I would ask your vet , what they think as well.


----------



## MyMiniGal (Oct 21, 2013)

It was worded as "moderate", when the vet checked her in April. She will have her yearly done next April, so my plan is, I won't put a bit in her mouth, until after that. Sometimes you can see her underbite, by how she holds her mouth, but most times, you can't really see it, as in teeth sticking out or anything. I use the word "slight", because that is what was used when I bought her. I was told about it. And did a search to see if it causes any eating issues, and then I looked at Halo's overall health and you could tell, she was healthy, and wasn't having a problem eating, at all. Which she doesn't. But I hadn't thought about it for driving and using a bit, until last week. Don't know why it didn't hit me, until then.


----------



## Reignmaker Miniatures (Oct 21, 2013)

I agree, check with your vet but if it is not pronounced (we can't see it so your vets judgement will be needed) there is a good chance she will be fine to carry a bit. Another factor to consider is her age, her bite may continue to change over the next couple of years as she matures and that may improve things or make them worse so it would be something to keep watching.


----------



## rabbitsfizz (Oct 21, 2013)

I had a "R" mare that I actually saddle trained who had a tremendous overbite- it is the opposite of Halo I know but would cause the same problem in the mouth. She was fine with a bit. She too had regular dental care, which did help but never solved her problem. If you can get your finger comfortably through the gap where the bit should go (I am assuming Halo will let you without removing a finger- maybe try with a pencil first??) then you will be able to get a bit through, although she may well prefer a straight bar or mullen mouth to a jointed bit.


----------



## MyMiniGal (Oct 21, 2013)

Yes, the vet said, that it will be probably around the age of 5-6, before we know totally what her bite will end up being. I just pray it doesn't cause any eating issues. I would be disappointed about not driving, but that is the least of my worries for her. I just want her happy and healthy, otherwise. In the meantime, we are to keep an eye on it, and if anything seems to be causing a problem, then we will take care of it. So far, there just isn't any issue with it at all. I don't want to cause an issue by putting a bit in her mouth, either.


----------



## MyMiniGal (Oct 21, 2013)

I haven't even tried to put anything in her mouth like that. But I will give that a try and see. That is what I was wondering too, if a certain bit would work over another. Thank you, Jane. Will keep those two bits in mind too.


----------



## CZP1 (Oct 21, 2013)

My gelding has a severe underbite and he drives, eats fine. His teeth are checked every year and I think as long as you are aware of your horses habits you should be fine. I will try to post a picture.


----------



## MyMiniGal (Oct 21, 2013)

Oh, this is really good to know. Yes, I would love to see pictures of your guy and his bite.


----------



## FurstPlaceMiniatures (Oct 21, 2013)

If you keep on her teeth, you shouldn't have an issue. My showjumper had a moderate parrot mouth, a sideways molar, and as a mare had stallion canines. Never had an issue with the bit, and for some weird freaking reason, she preferred a super thin bit over a rubber snaffle or a dog bone. Its 100% the hands behind it, it doesn't hurt them just sitting there if it's adjusted right. The bit should be nowhere near her teeth anyway. The only issue a bit can cause a horse's mouth is if the hands behind it are rough. Unless her bottom teeth are poking out of her mouth, don't lose any sleep over it.

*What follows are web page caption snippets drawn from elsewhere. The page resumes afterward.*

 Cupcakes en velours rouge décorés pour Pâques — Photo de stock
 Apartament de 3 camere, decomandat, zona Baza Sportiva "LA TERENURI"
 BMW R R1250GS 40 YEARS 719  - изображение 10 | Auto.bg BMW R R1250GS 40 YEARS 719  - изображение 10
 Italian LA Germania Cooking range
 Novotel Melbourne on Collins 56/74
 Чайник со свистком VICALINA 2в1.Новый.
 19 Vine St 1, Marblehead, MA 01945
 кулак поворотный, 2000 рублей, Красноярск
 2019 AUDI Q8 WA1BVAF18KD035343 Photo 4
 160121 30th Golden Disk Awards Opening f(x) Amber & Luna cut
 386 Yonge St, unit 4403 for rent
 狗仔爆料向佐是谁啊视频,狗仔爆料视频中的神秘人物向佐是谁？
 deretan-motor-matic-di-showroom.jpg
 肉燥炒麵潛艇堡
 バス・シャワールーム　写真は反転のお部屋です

And besides, if they were that bad, you'd be able to just use a hackamore anyway and be good to go


----------



## MyMiniGal (Oct 21, 2013)

Ok, thank you. Will look up what a Hackamore is. Not up on the lingo. LOL Not losing any sleep over it either...obviously, since it never dawned on me until now.





I'm so thankful, though to hear that others have had this issue and drove, with no problems, due to the under or over bite. Thank you all so much!


----------



## MyMiniGal (Oct 21, 2013)

Something just hit me...couldn't I just train her right off, with a bitless Bridle anyway?


----------



## FurstPlaceMiniatures (Oct 21, 2013)

You could, however, they aren't any nicer. Rough hands on a bitless are just as nasty as rough hands on a bit. Gentle hands on a bitless are just as gentle in a bit. As with any tool, its how its used, not what it is. I've seen tongues split with thick eggbutts, I've seen colts broke out in a twisted wire that had mouths like butter because the trainer had such wonderfully soft smooth hands - they never knew how hard that bit could be! It's 100% the hands behind it.

I personally don't like bitlesses. They put weird pressure on a horse's face, in spots not designed to take pressure, and I think they could get confusing. Ie When Im in a halter, pressure means X, but in a bitless, pressure means Y?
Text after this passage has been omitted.